Die Höhe des Unterhalts richtet sich nach der Düsseldorfer Tabelle. Für die Berechnung ist die Angabe des durchschnittlichen Netto-Einkommens des Unterhaltspflichtigen notwendig. Da Ihr Netto-Einkommen mir unbekannt ist, berechne ich zunächst den Mindestunterhalt (100 %), der bei einem Netto-Einkommen bis 1.500,00 € anfällt:

  1. Kind, 17 J. 426,00 € - 92,00 € (hälftiges Kindergeld) = 334,00 €
  2. Kind, 20 J. 488,00 € - 184,00 € (volles Kindergeld) = 304,00 €
    Bei den Kindern unter 18 Jahren wird hälftiges Kindergeld vom Unterhaltsbetrag abgezogen, da das Kindergeld Einkommen des Kindes darstellt. Die Anrechnung des Kindergeldes in Höhe von 37,00 € ist nicht nachvollziehbar. Wenn die Mutter Kindergeld bezieht, wird bei minderjährigen Kindern die Hälfte des Kindergeldes vom Unterhaltsanspruch abgezogen. Sie sind berechtigt, diesen Abzug zu verlangen.
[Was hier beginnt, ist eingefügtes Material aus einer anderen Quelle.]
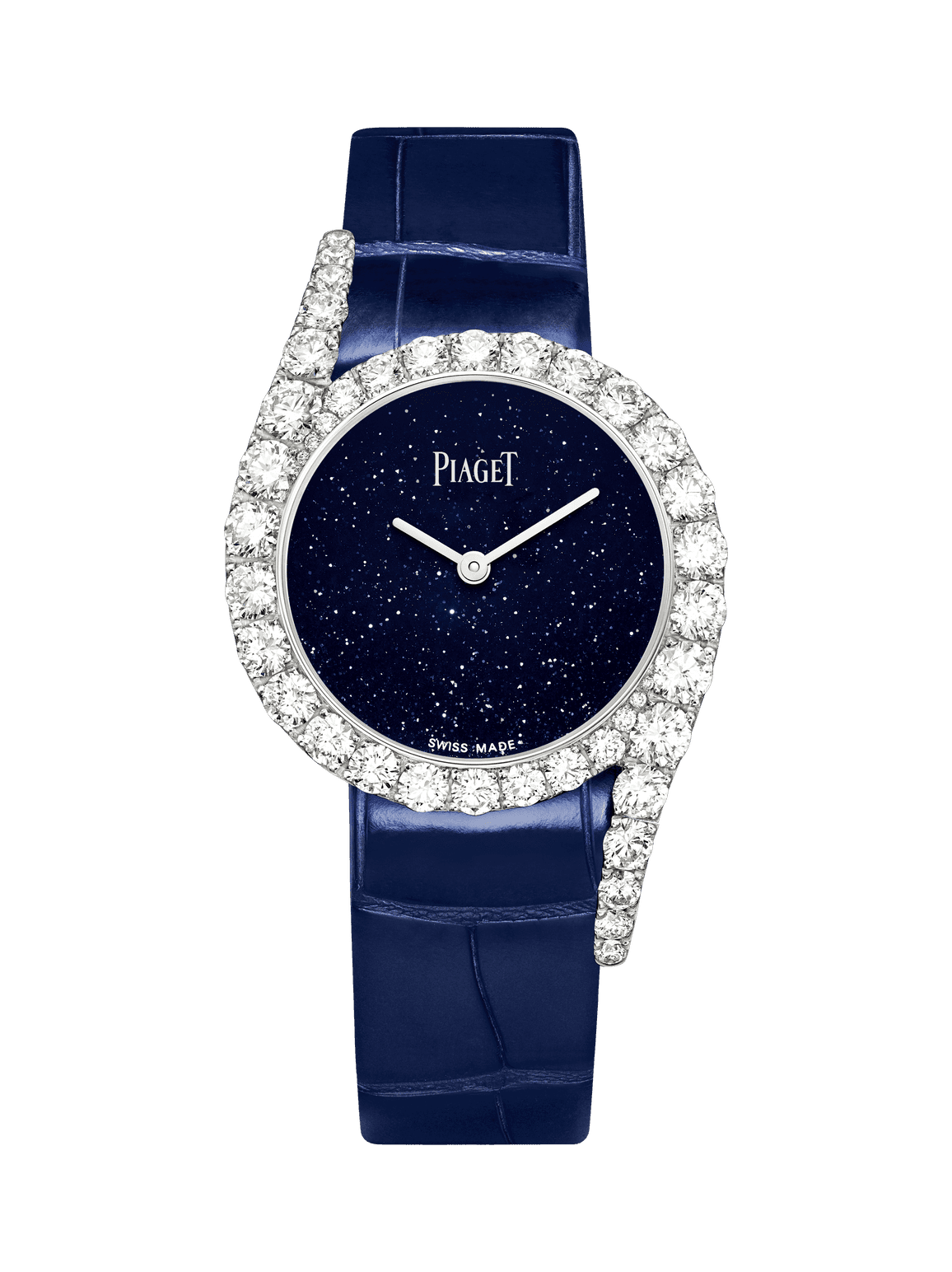 Limelight Gala Precious watch — G0A45180
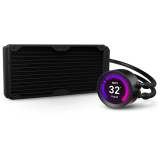 Système de refroidissement liquide NZXT Kraken Z53 (RL-KRZ53-01)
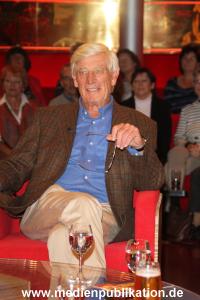 Tietjen Hirschhausen 24092012 005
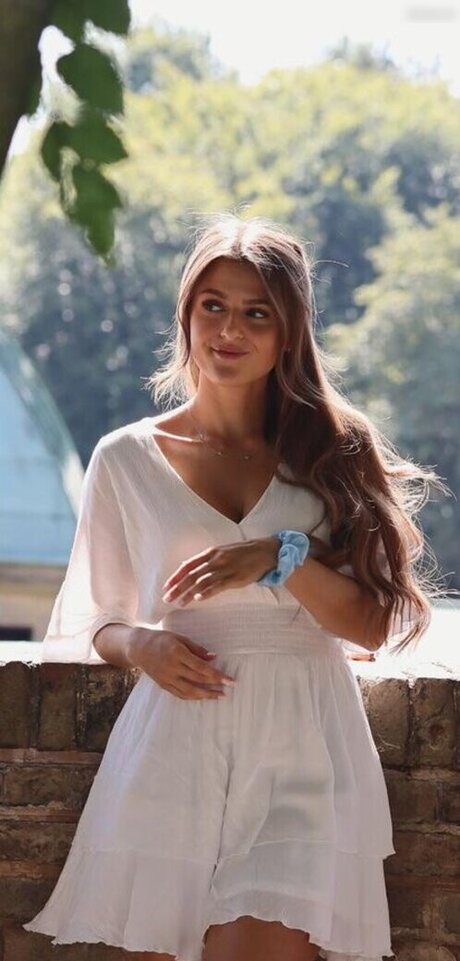 Melina msxou kostenlose xxx fotos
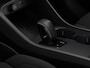 Volvo EX40 Single Motor Extended Range Plus 82 kWh | All seasonbanden | Apple Carplay/Android Auto|telefoonintegratie premium | Comfortstoel(en)
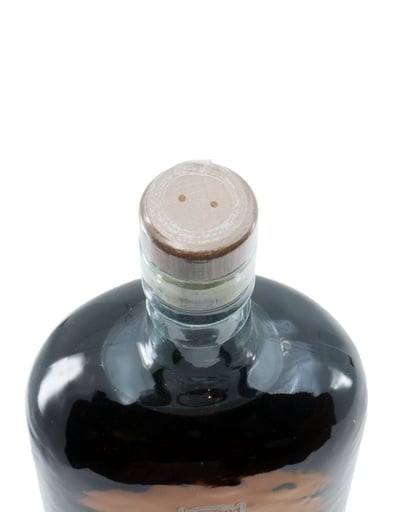 highland_park_scotch_thor_16_year_001c.jpg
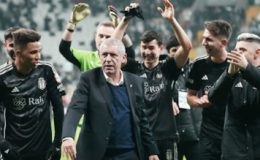 Fernando Santos: En az 2-3 transfer yapacağız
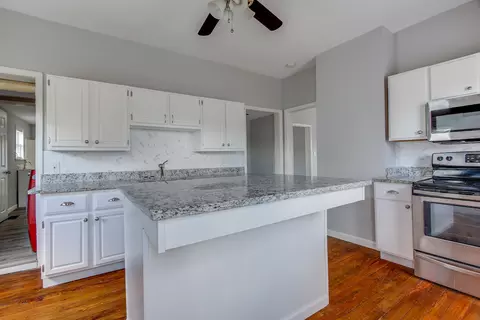 1730 Rutland Ave, Springfield, OH 45505 photo 13
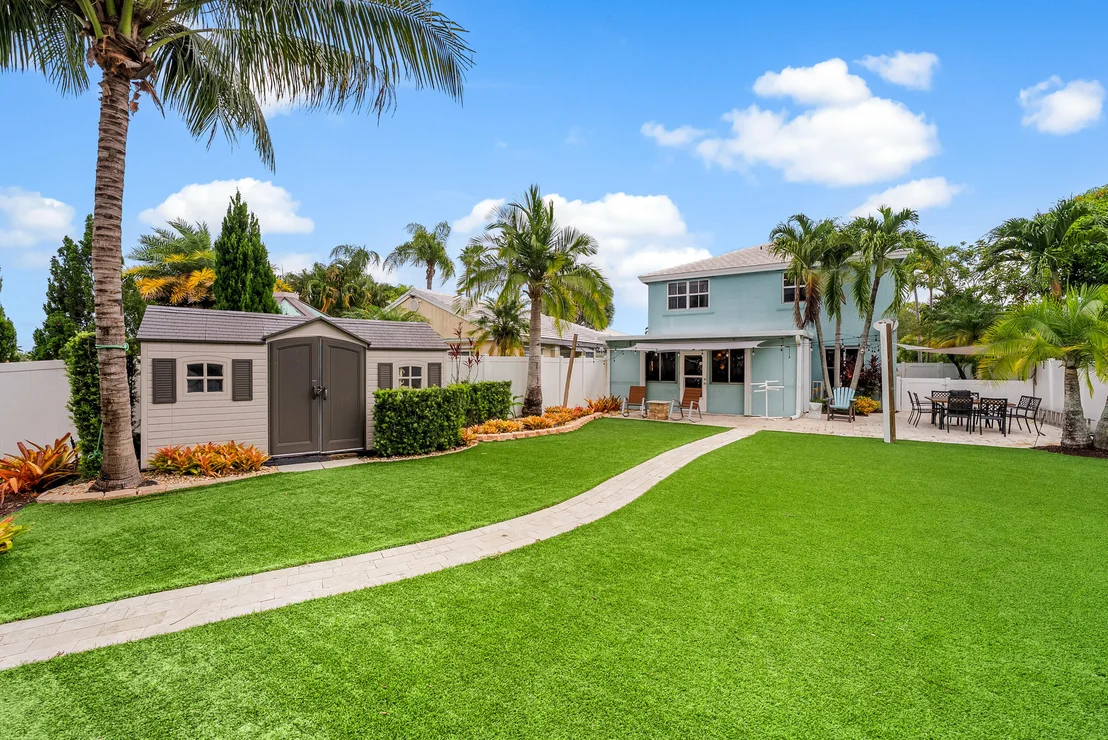 Photo of 3120 Cape Circle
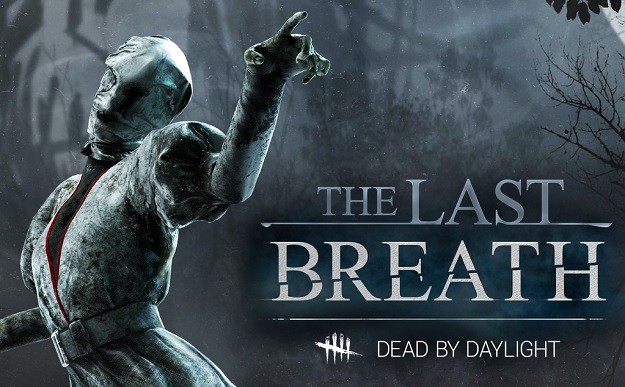 dead-by-daylight-dlc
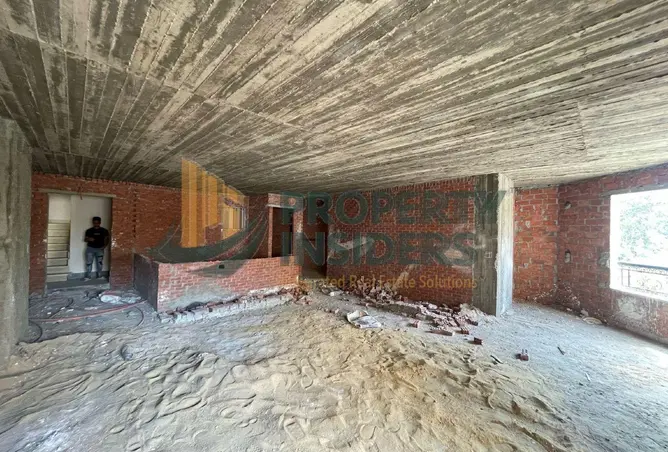 7173520 - Property Image 3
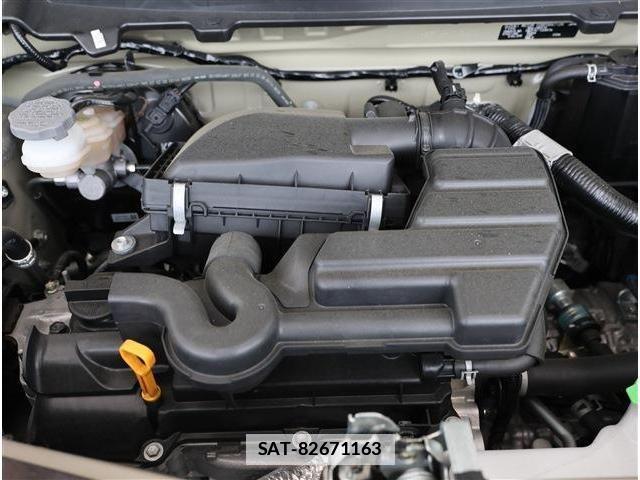 Mazda CAROL 2023-10 7783307-16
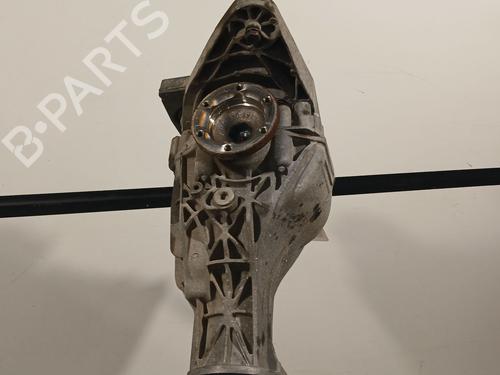 Rear differential AUDI Q5 (8RB) 2.0 TDI quattro | BP29474819M24 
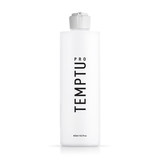 Temptu S/B Airbrush Cleaner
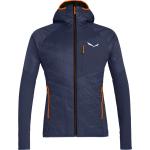 Salewa Men's Ortles Hybrid Awp Jacket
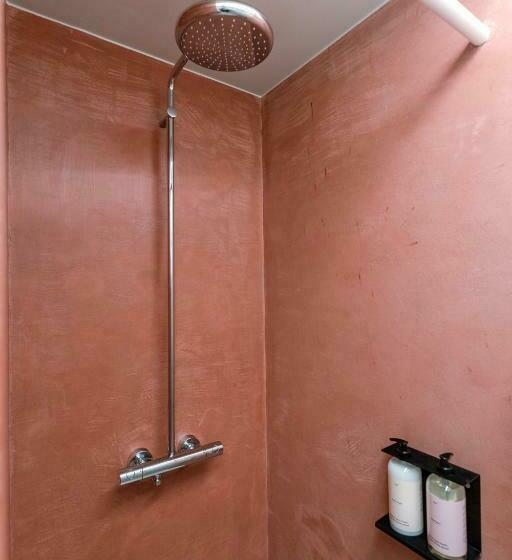 Номер Стандарт, Way Sweet Dreams  Room 5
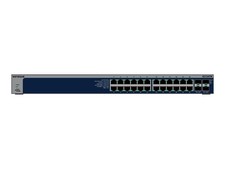 Netgear XS724TM Switch II price incl VAT 3 yr warranty* B2B picture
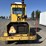 larson-6330-broom-sweeper-image-4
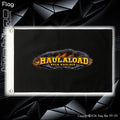 Flag - Haulaload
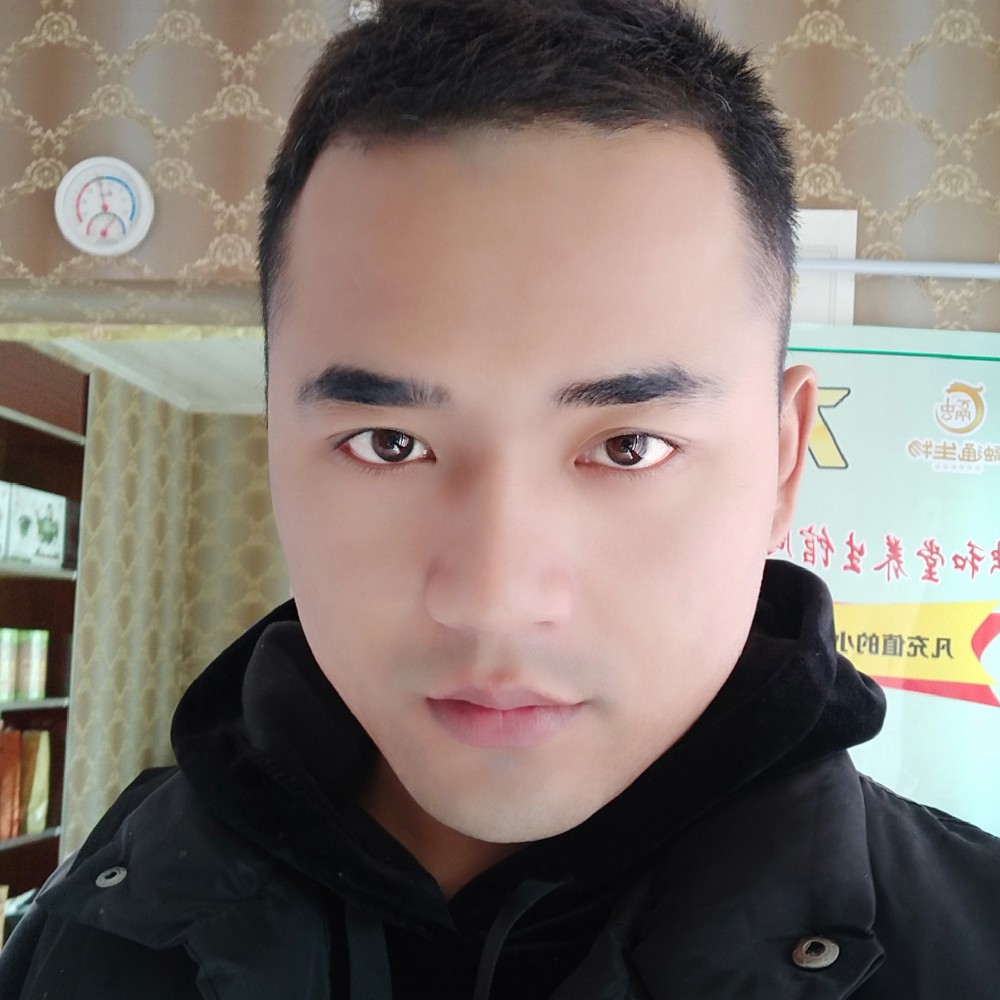 爱的味道怎么样的照片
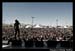 ExtremeThing2009BlessTheFall_034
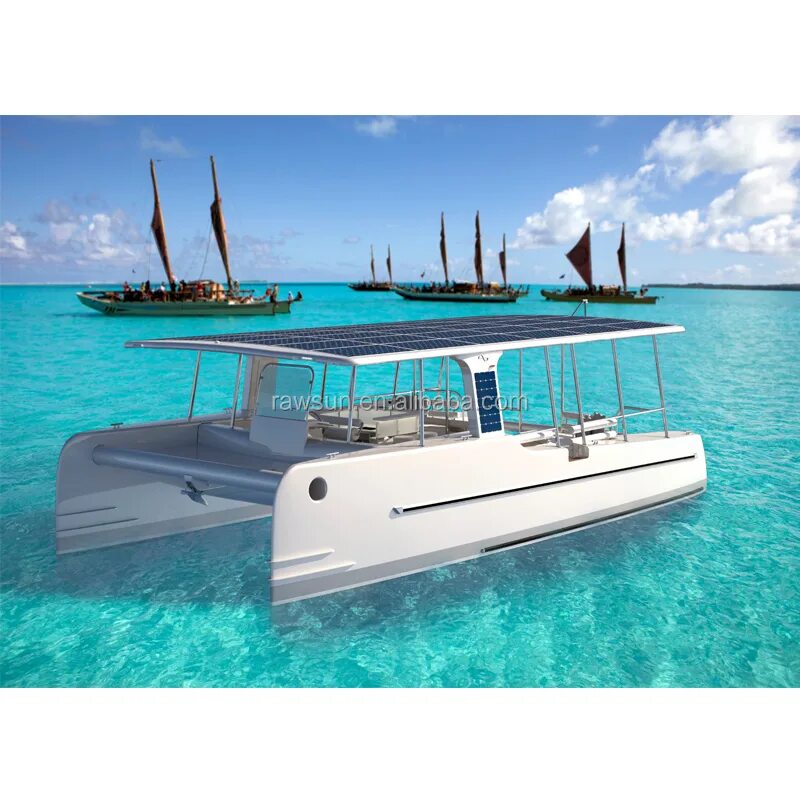 Лодка катамаран. Солар катамаран. prout sirocco 26 catamaran. эковольт катамаран. ecovolt 2.0 катамаран.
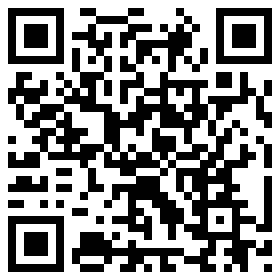 qrcode für HP  - 924E EVOMORE BLACK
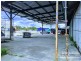 0 Off Stapylton Jacobs Well Road, Stapylton QLD 4207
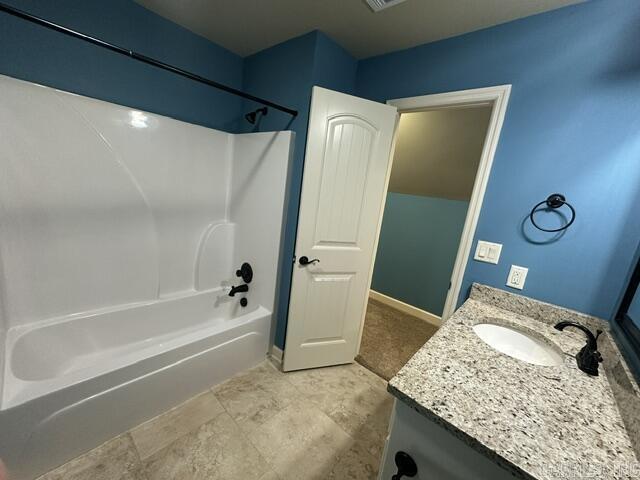 EAGLE ESTATES - Residential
    Falls Ihr durchschnittliches Netto-Einkommen zwischen 1.501,00 € - 1.900,00 € beträgt, dann müssen Sie Unterhalt in Höhe von 105 % bezahlen. Dann entstehen folgende Unterhaltsansprüche:
  3. Kind, 17 J. 448,00 € - 92,00 € (hälftiges Kindergeld) = 356,00 €
  4. Kind, 20 J. 513,00 € - 184,00 € (volles Kindergeld) = 329,00 €
    Bei einem Netto-Einkommen von 1.901,00 € bis 2.300,00 € sind 110 % des Unterhaltsbetrages zu zahlen:
  5. Kind, 17 J. 469,00 € - 92,00 € (hälftiges Kindergeld) = 377,00 €
  6. Kind, 20 J. 537,00 € - 184,00 € (volles Kindergeld) = 353,00 €
    Falls ein Unterhaltstitel (Urteil, Vergleich, Urkunde vom Jugendamt) vorhanden ist, dann müssen Sie ohne Aufforderung der Frau mehr bezahlen, wenn z.B. die Düsseldorfer Tabelle geändert wird. Die Aufforderung ist auch dann überflüssig, wenn die Frau Sie in der Vergangenheit bereits zur Zahlung des Mindestunterhalts oder Unterhalts zu 105 % (oder mehr) aufgefordert hat. Diese Aufforderung gilt dann weiterhin.
    Wenn ein Unterhaltstitel gegen Sie vorliegt und Ihr Netto-Einkommen sich verringert hat, so dass Sie weniger bezahlen müssten, dann müssen Sie eine Änderungsklage beim Familiengericht einreichen. Ein Unterhaltstitel kann nur durch ein gerichtliches Verfahren wirksam geändert werden.
    Denken Sie auch daran, dass die Unterhaltszahlungen ab Volljährigkeit des Kindes nicht mehr an die Mutter geleistet werden müssen, sondern an das Kind. Die Zahlungen an die Mutter können Sie dann verweigern.
    Wenn Kinder eigenes Einkommen haben, dann wird dieses Einkommen auf Unterhaltszahlungen angerechnet.
    Bei volljährigen Kindern müssen Sie nicht alleine den Unterhalt bezahlen, sondern muss auch die Mutter sich daran beteiligen. Ihr Anteil wird entsprechend ihrem Einkommen berechnet. Die Aufteilung des Unterhaltsanspruches erfolgt zwischen den Eltern prozentual.
Bei der vorliegenden Antwort, welche ausschließlich auf Angaben des Kunden basiert, handelt es sich um eine erste rechtliche Einschätzung des Sachverhaltes zum Zeitpunkt der Anfragestellung. Diese kann eine umfassende Begutachtung nicht ersetzen. Durch Hinzufügen oder Weglassen relevanter Informationen kann die rechtliche Beurteilung völlig anders ausfallen.